4.3.19 In our view the costs of staff time for collating information to answer FOI requests should not be passed on to those making the request. Such a policy may encourage bodies holding information to post more information on websites to avoid receiving so many requests as well as to improve their recordkeeping and filing systems so that information can be accessed more efficiently. In paragraph 4.3.8 above we provide an example an information request that could have been avoided altogether if the relevant report had been posted on the GMI website in the first place.

4.3.20 We would recommend that charges for FOI requests are kept to a minimum to cover copying (ie cost price per sheet). Where possible documents should be provided free of charge in an electronic format if requested (not all petitioners can use electronic information). Given the potential for the FOI Act to create more open and democratic systems of government, we believe that the costs of administration of FOI requests should be borne by central government so that price is not a barrier to obtaining information for either the requester or those responding to the request.

Improving accountability

4.3.21 GM Freeze believes the FOI Act has made a small contribution to making politicians and public servants more accountable for their actions and policies, but there is still some way to go. There is still a risk that those seeking to hide their failures to carry out their duties in a lawful and efficient manner may also be able to influence national/public interest, data protection and commercial confidentiality tests or decisions. Using political reasons to justify not releasing information under the guise of national or public interest or data protection cannot be ruled out. It is therefore very important that decisions relating to release of information by public bodies can easily be challenged and reviewed by qualified persons with no involvement in the topic/issue covered by that request. At present the ICO perform this role based on their own guidance documents and some case law. The public interest test is applied on a case-by-case basis, and the explanations for refusal tend to be in legal language, which may not assist in providing a fully transparent answer or understanding.

4.3.22 In our view the public interest, national interest and commercial confidentiality tests should favour disclosure. In our experience do not. Those wishing to prevent the release of information should make the case for not releasing the information rather than vice versa.

Better decision making

4.3.23 From our perspective the existence of the FOI Act has made no difference to the quality of overall decision making on GMOs. We fear the public will become extremely sceptical about their ability to influence decisions, even when armed with the information that undermines or should change the current political thinking. Take, for example, the outstanding work on buffer zones near residential properties to protect residents from pesticide spray drift by Georgina Downs,(2) which was backed by the Royal Commission on Environmental Pollution only to be rejected by Defra. This illustrates very clearly that even with a very strong case a member of the public can find it impossible to change government policy because of the role of companies and other bodies with a vested interest in maintaining the status quo or protecting reputations. In the case of Georgina Downs the views of the pesticides companies and the Advisory Committee on Pesticides prevailed.
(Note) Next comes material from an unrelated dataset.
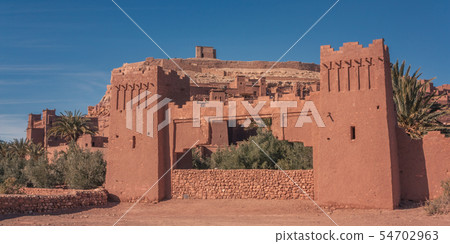 View of Ouarzazate in Morocco 54702963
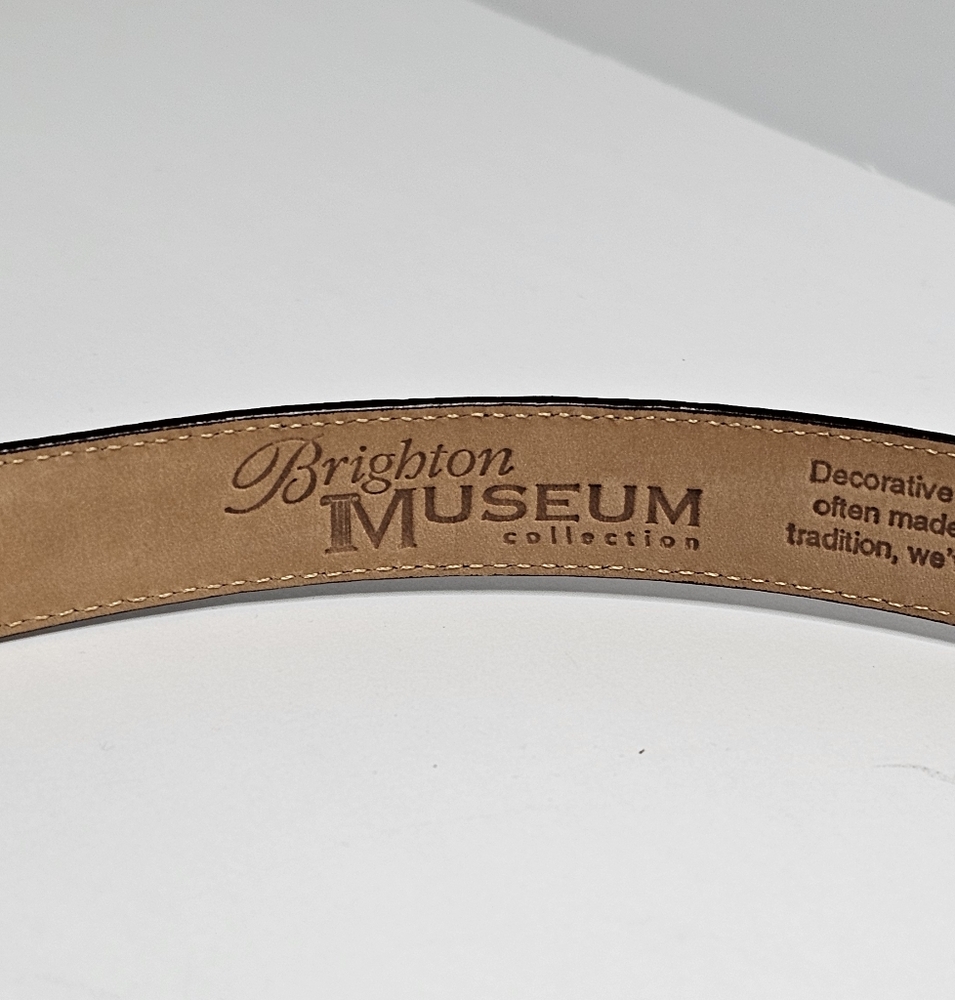 VNTG 1991 Brighton Belt LG Museum Collection Brown Lizard Embossed Leather 37809 - Picture 5 of 9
Public involvement in decision making

4.3.24 There is no indication that the FOI Act has encouraged participation in decision making by the public in a dramatic or meaningful way. In the time since the Act came into force there are very few examples of policies changed because the public reacted to new information becoming available via FOI Act requests alone. The obvious exception is MP’s expenses, which generated some significant changes because of the huge public outcry generated by unprecedented media coverage. In other areas of policy the impact of the FOI Act has been less dramatic. Above we have detailed several cases in which we have been involved where the FOI Act may have improved decision making as well as cases where it appears to have no impact at all.

4.3.25 In the regulations for approval and enforcement of GM food and crops there is little sign that access to information has allowed the public to influence decisions any more than before because of the political nature of decisions. Government ministers choose to hide behind “science” in order to make political decisions even when the science shows a great deal of uncertainty and gaps in data. GM approvals are claimed to be “science based” but often long-term health and environmental safety studies are lacking so cannot be the basis for such a claim. Recently we looked at two scientific opinions for GM maize by the GM Panel of the European Food Safety Authority (EFSA), which the UK Government will use for the basis of its decisions to approve (or not) new GM authorisation applications. Both opinions(3) and (4) admit to data or knowledge gaps, yet if past performance is followed the UK will approve them when it comes to voting at EU level. The raw data used to justify approvals is generated by the applicants themselves—all the more reason for it to be in the public domain.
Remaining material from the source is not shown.